■ **What you should do**
Transcribe, exactly as they appear, only the lines from the one holding "Easy Vegan casserole" through the end of the entries below.

===== Source information

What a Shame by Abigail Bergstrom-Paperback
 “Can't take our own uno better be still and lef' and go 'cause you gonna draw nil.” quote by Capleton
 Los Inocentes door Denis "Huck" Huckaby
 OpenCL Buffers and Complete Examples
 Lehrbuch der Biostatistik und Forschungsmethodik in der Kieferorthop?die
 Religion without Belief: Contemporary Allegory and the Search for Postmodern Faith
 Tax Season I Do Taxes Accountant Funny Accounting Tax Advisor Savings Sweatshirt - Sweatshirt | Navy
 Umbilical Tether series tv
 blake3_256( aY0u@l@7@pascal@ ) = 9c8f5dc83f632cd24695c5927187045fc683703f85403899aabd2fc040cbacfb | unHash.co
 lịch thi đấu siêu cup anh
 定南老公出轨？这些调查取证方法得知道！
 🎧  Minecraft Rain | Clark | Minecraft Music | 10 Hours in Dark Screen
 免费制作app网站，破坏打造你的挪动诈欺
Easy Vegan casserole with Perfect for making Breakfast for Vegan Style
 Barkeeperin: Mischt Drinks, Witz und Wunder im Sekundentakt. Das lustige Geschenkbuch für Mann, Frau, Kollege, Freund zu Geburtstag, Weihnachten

==========

■ **Answer space**
Easy Vegan casserole with Perfect for making Breakfast for Vegan Style
 Barkeeperin: Mischt Drinks, Witz und Wunder im Sekundentakt. Das lustige Geschenkbuch für Mann, Frau, Kollege, Freund zu Geburtstag, Weihnachten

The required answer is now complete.